*ACTIVITY:* Output the entries below word for word, stopping once the line containing "Obrázok PS4 - Ratchet" is done, and omit each picture.

Short descriptive text snippets:
※
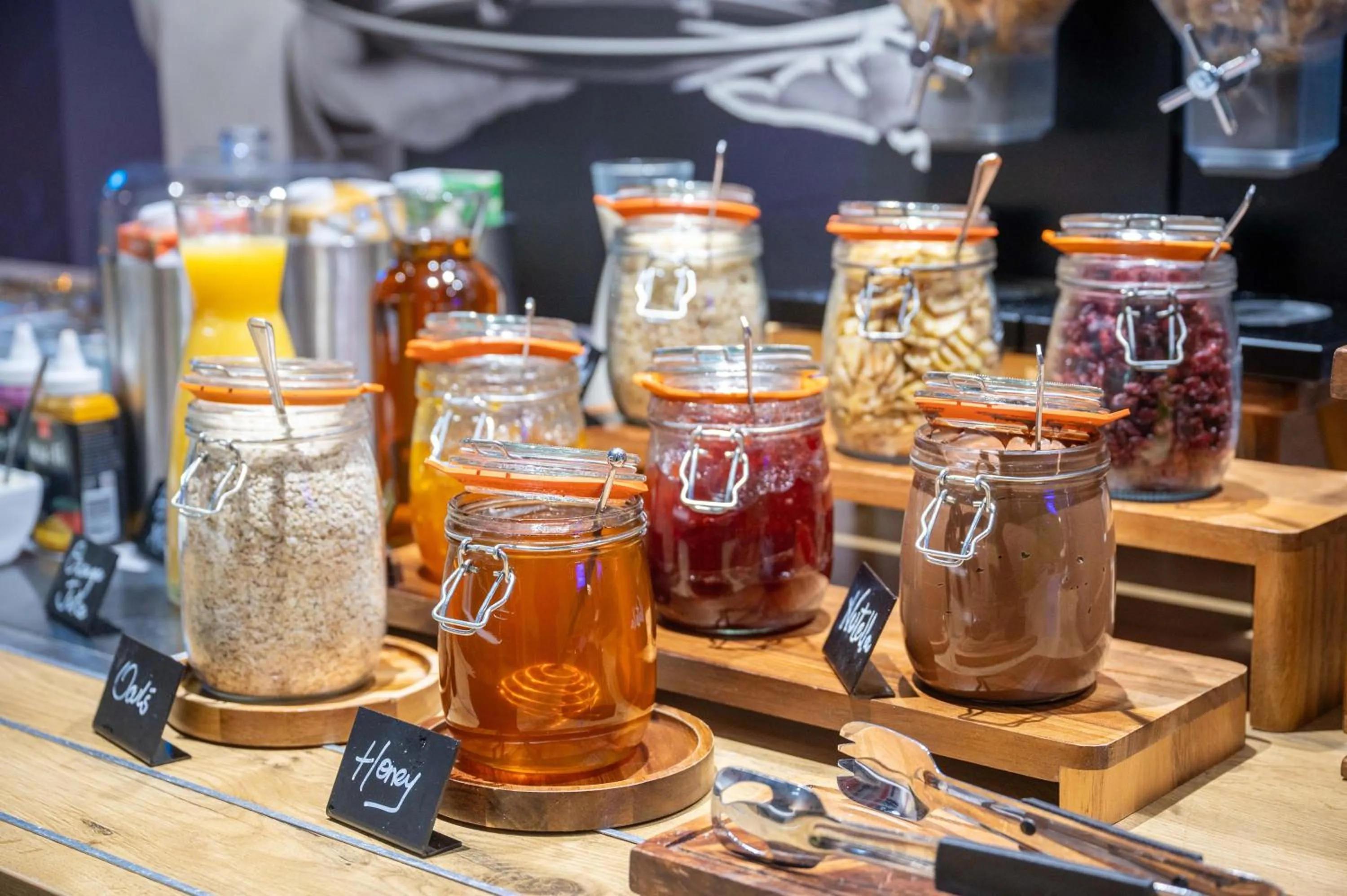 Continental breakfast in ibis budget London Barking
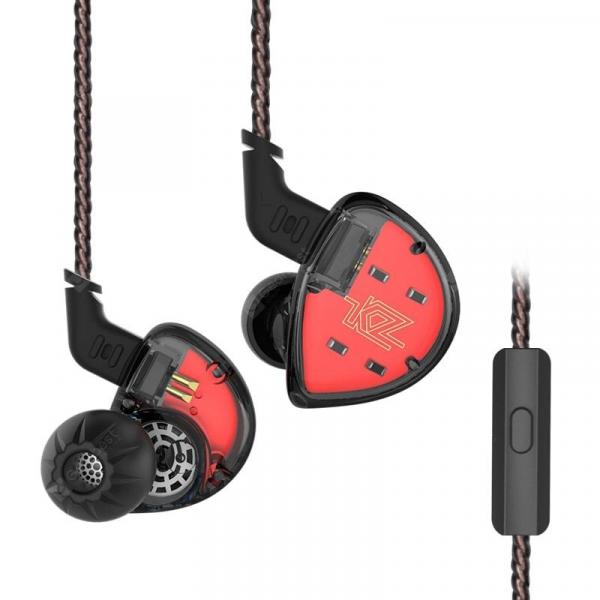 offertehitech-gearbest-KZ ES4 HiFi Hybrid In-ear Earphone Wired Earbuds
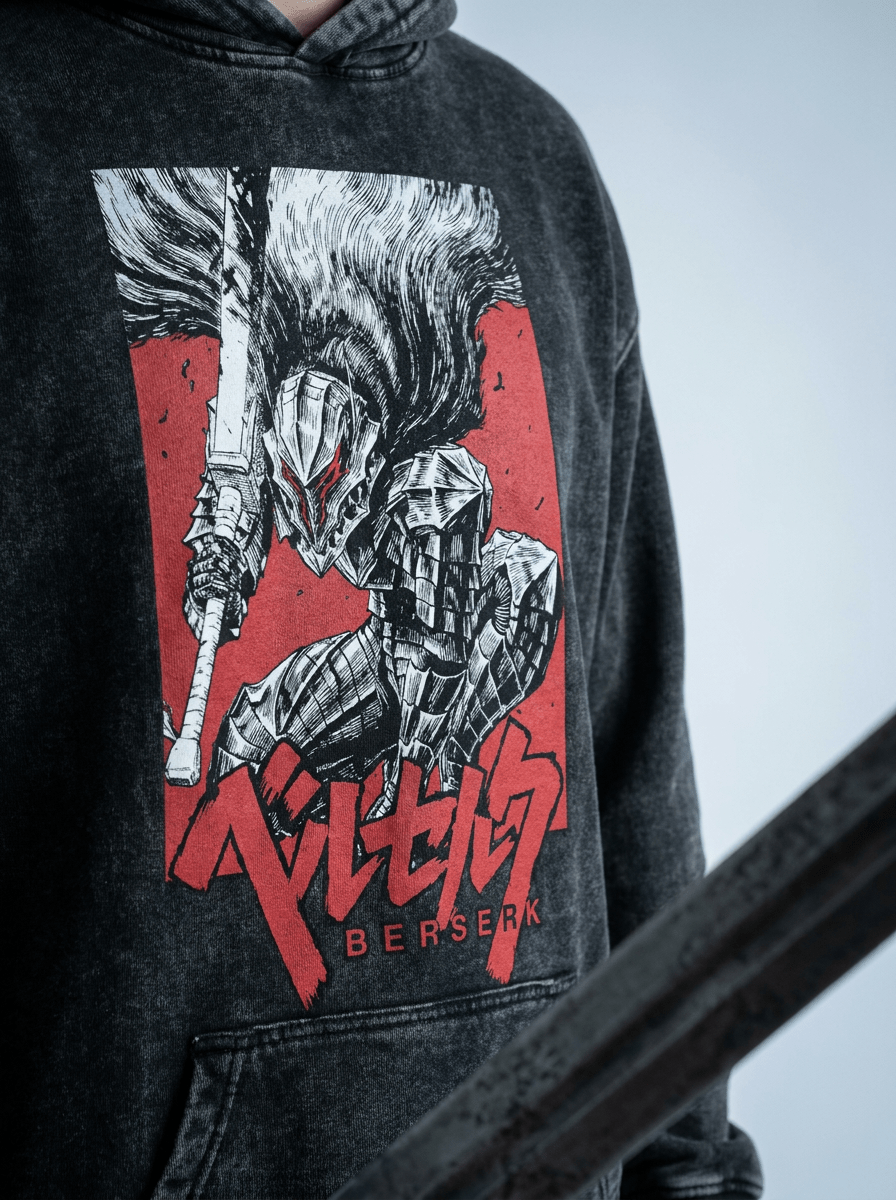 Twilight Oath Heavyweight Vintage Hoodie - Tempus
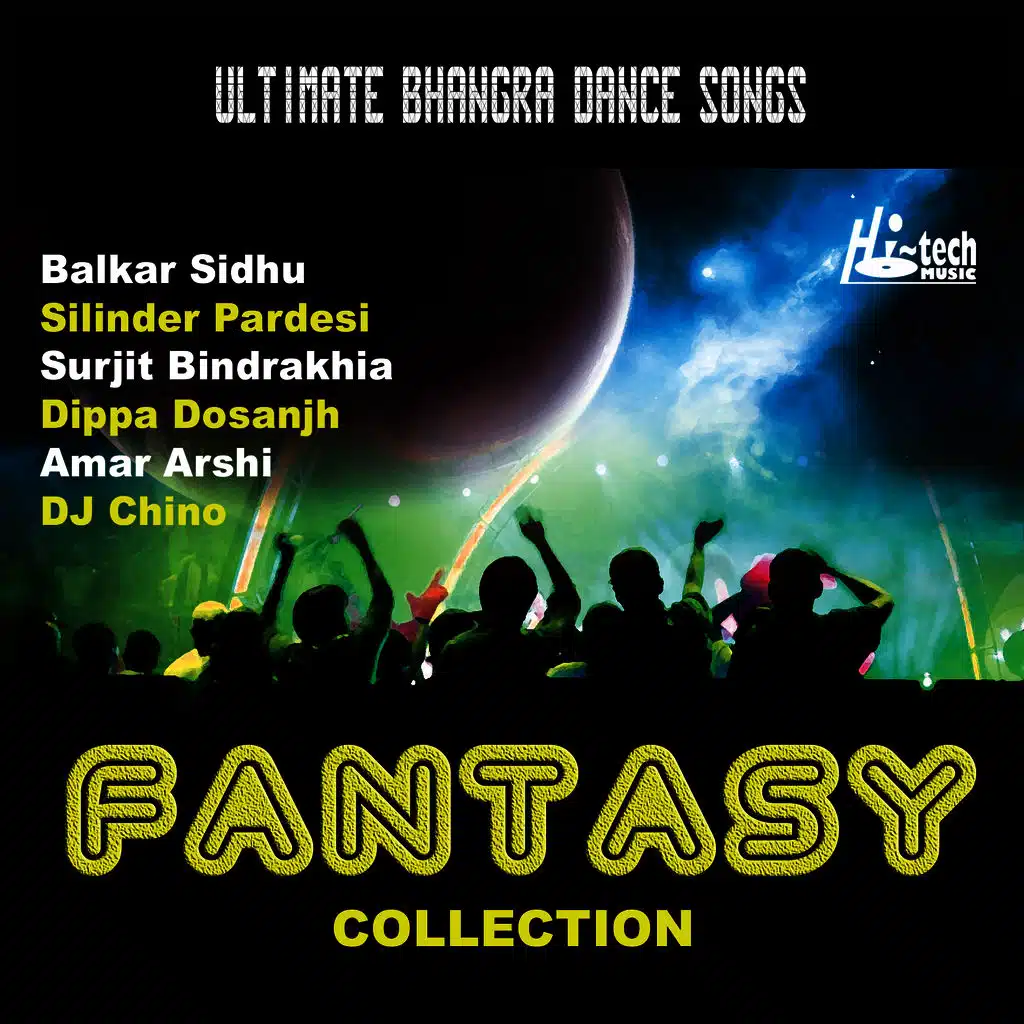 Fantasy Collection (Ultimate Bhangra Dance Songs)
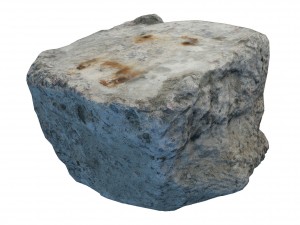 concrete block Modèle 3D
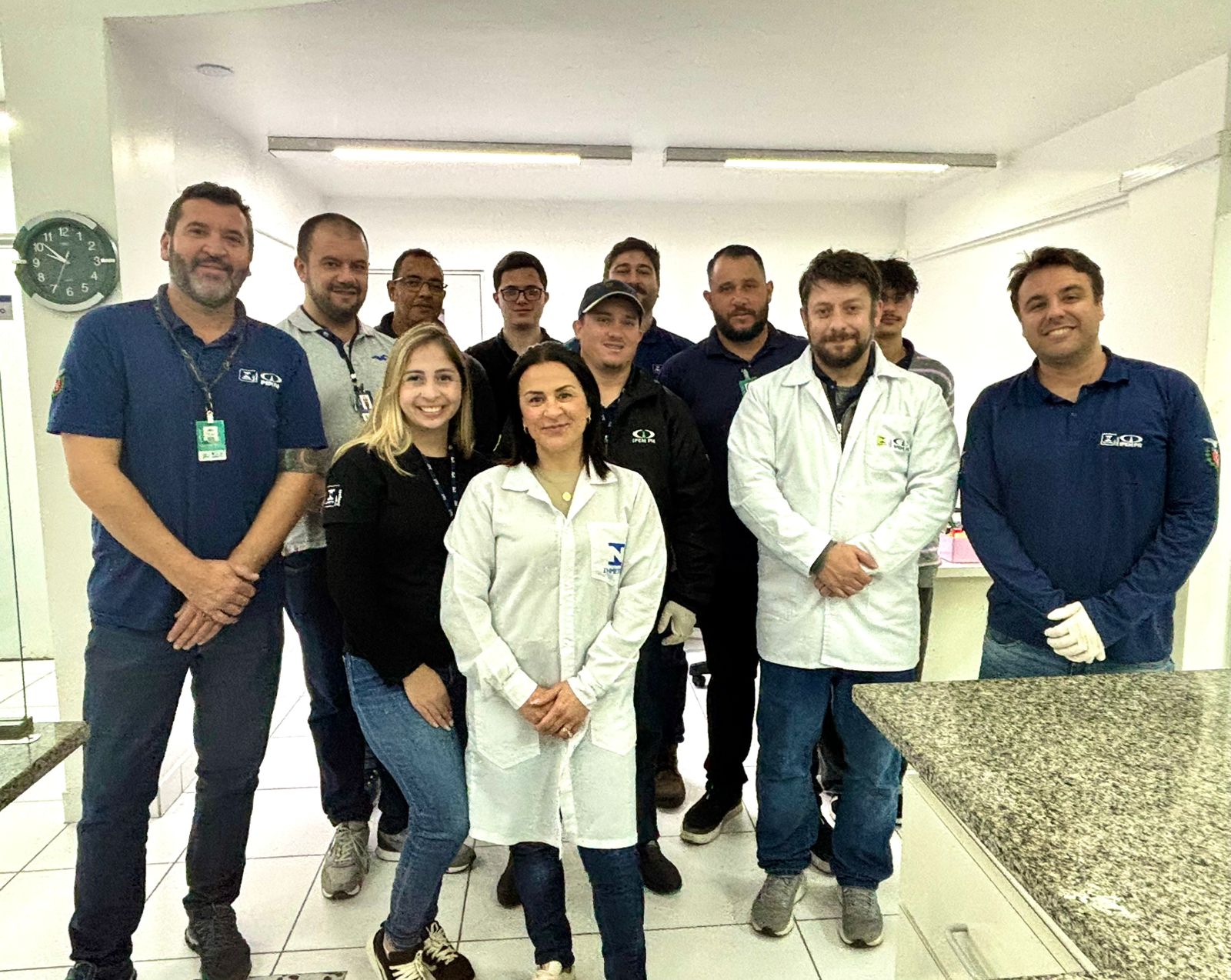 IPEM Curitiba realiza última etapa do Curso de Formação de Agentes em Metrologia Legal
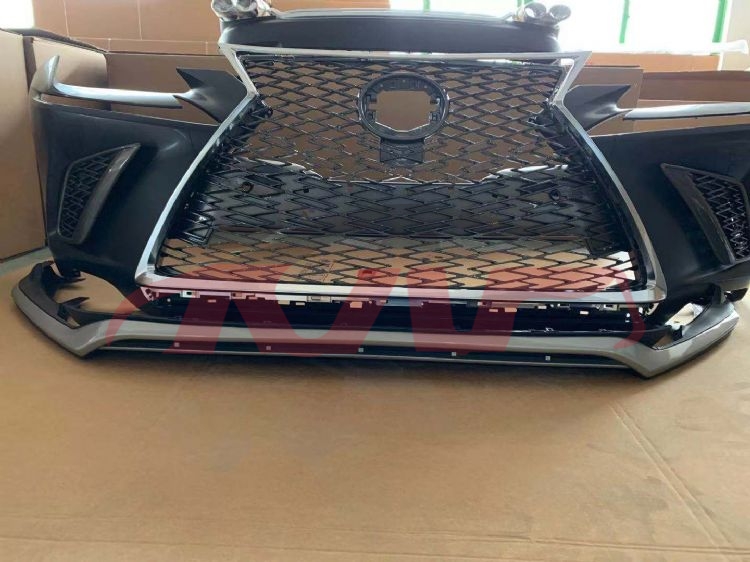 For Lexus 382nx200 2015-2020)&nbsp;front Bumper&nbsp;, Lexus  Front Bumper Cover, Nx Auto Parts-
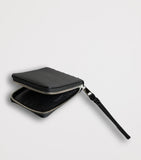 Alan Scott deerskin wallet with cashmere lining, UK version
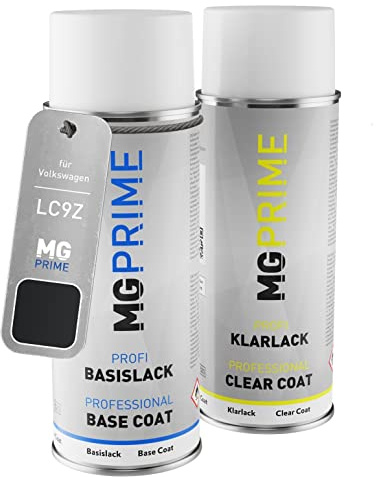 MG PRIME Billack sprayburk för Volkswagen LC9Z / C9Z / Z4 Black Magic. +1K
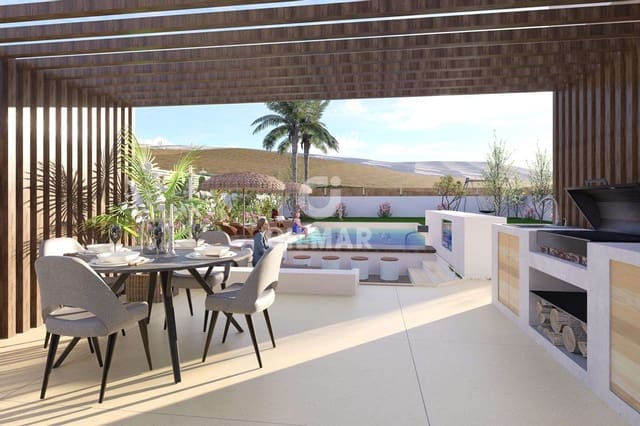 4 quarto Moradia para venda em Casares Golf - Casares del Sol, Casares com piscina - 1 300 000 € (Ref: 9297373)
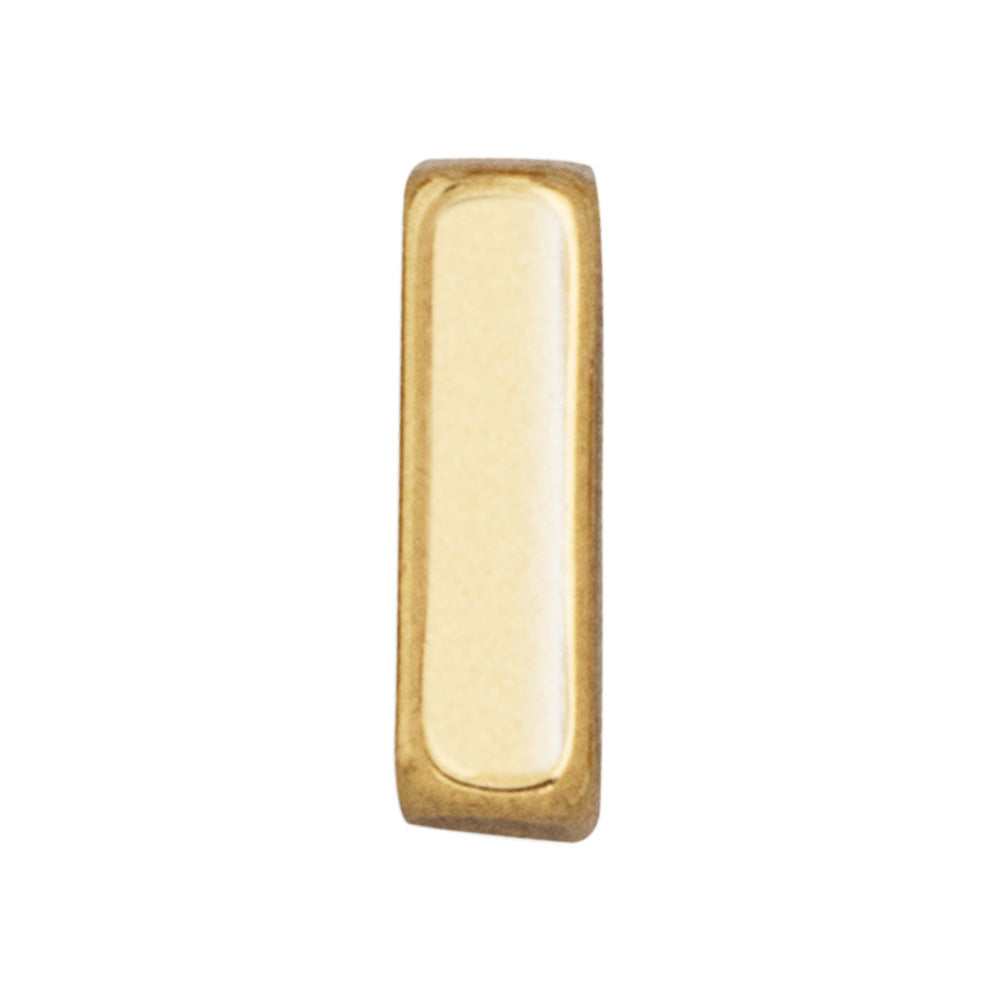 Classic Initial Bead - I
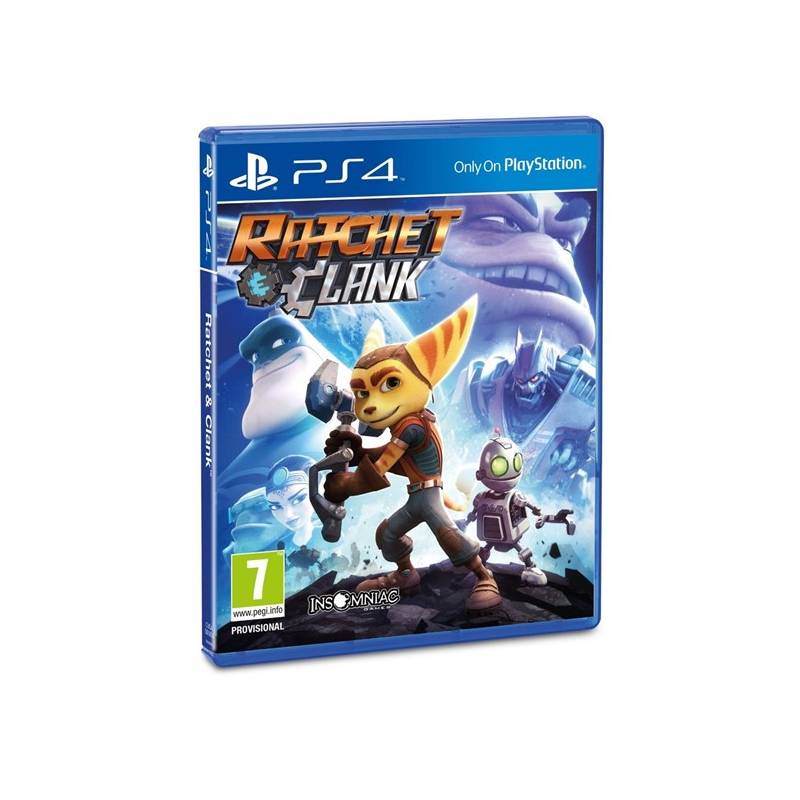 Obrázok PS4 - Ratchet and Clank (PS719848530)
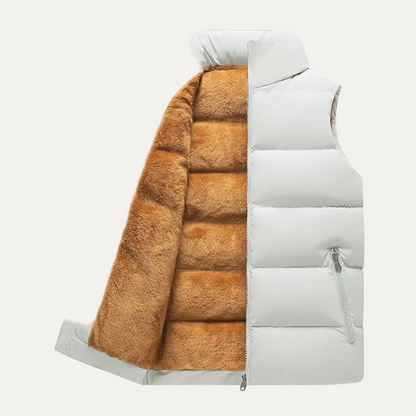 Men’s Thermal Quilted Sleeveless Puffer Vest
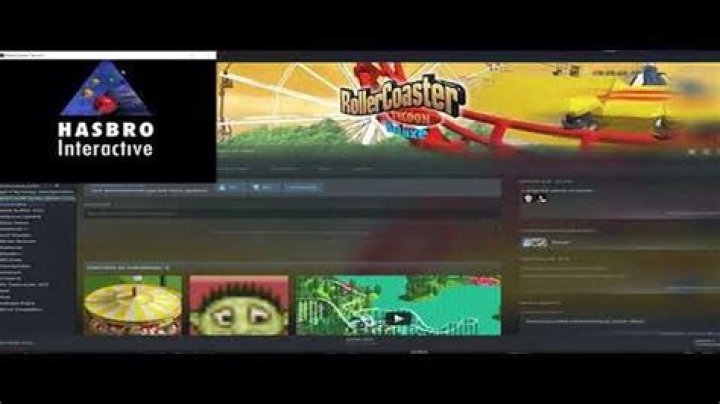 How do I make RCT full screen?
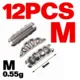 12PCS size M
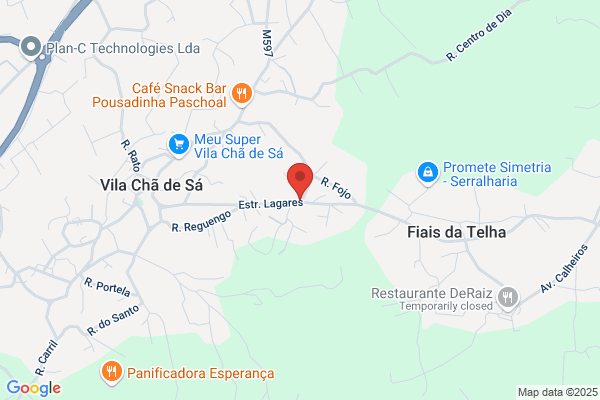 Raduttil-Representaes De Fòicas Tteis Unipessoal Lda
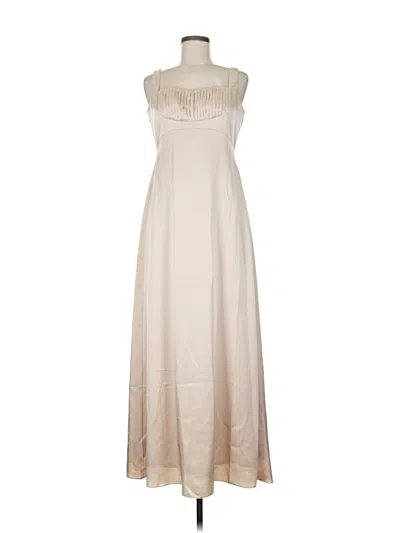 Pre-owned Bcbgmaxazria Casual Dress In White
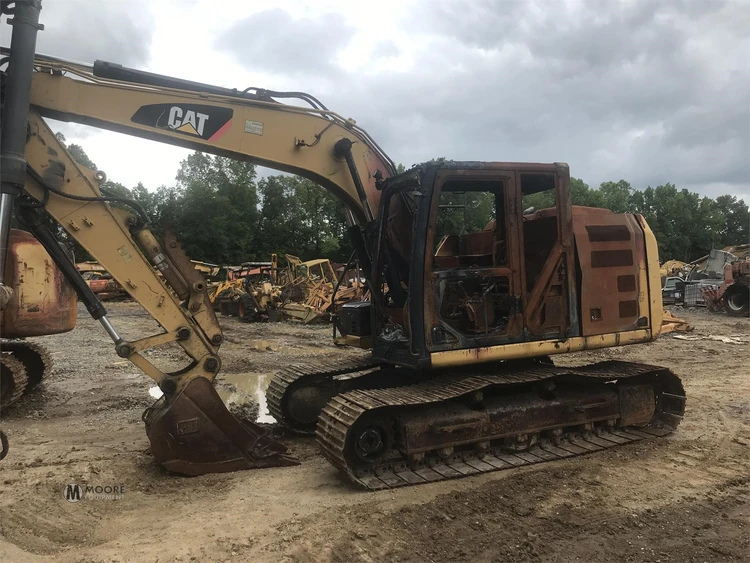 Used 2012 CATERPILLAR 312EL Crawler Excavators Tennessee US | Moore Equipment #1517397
※
*WRITTEN RESPONSE:*
 Continental breakfast in ibis budget London Barking
 offertehitech-gearbest-KZ ES4 HiFi Hybrid In-ear Earphone Wired Earbuds
 Twilight Oath Heavyweight Vintage Hoodie - Tempus
 Fantasy Collection (Ultimate Bhangra Dance Songs)
 concrete block Modèle 3D
 IPEM Curitiba realiza última etapa do Curso de Formação de Agentes em Metrologia Legal
 For Lexus 382nx200 2015-2020)&nbsp;front Bumper&nbsp;, Lexus  Front Bumper Cover, Nx Auto Parts-
 Alan Scott deerskin wallet with cashmere lining, UK version
 MG PRIME Billack sprayburk för Volkswagen LC9Z / C9Z / Z4 Black Magic. +1K
 4 quarto Moradia para venda em Casares Golf - Casares del Sol, Casares com piscina - 1 300 000 € (Ref: 9297373)
 Classic Initial Bead - I
 Obrázok PS4 - Ratchet and Clank (PS719848530)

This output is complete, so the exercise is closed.